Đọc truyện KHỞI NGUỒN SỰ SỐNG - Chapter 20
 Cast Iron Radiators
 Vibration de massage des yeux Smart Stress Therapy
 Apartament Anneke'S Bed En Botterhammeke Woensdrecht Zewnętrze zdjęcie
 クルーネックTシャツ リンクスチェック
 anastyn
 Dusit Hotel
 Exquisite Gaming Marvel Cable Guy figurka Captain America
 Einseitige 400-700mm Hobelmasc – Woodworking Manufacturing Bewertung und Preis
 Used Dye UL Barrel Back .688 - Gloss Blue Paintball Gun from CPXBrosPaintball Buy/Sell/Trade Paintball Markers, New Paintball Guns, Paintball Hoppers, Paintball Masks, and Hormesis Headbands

__PROBLEM__. All of the entries above need to be output again exactly.

__TASK ANSWER__.
Đọc truyện KHỞI NGUỒN SỰ SỐNG - Chapter 20
 Cast Iron Radiators
 Vibration de massage des yeux Smart Stress Therapy
 Apartament Anneke'S Bed En Botterhammeke Woensdrecht Zewnętrze zdjęcie
 クルーネックTシャツ リンクスチェック
 anastyn
 Dusit Hotel
 Exquisite Gaming Marvel Cable Guy figurka Captain America
 Einseitige 400-700mm Hobelmasc – Woodworking Manufacturing Bewertung und Preis
 Used Dye UL Barrel Back .688 - Gloss Blue Paintball Gun from CPXBrosPaintball Buy/Sell/Trade Paintball Markers, New Paintball Guns, Paintball Hoppers, Paintball Masks, and Hormesis Headbands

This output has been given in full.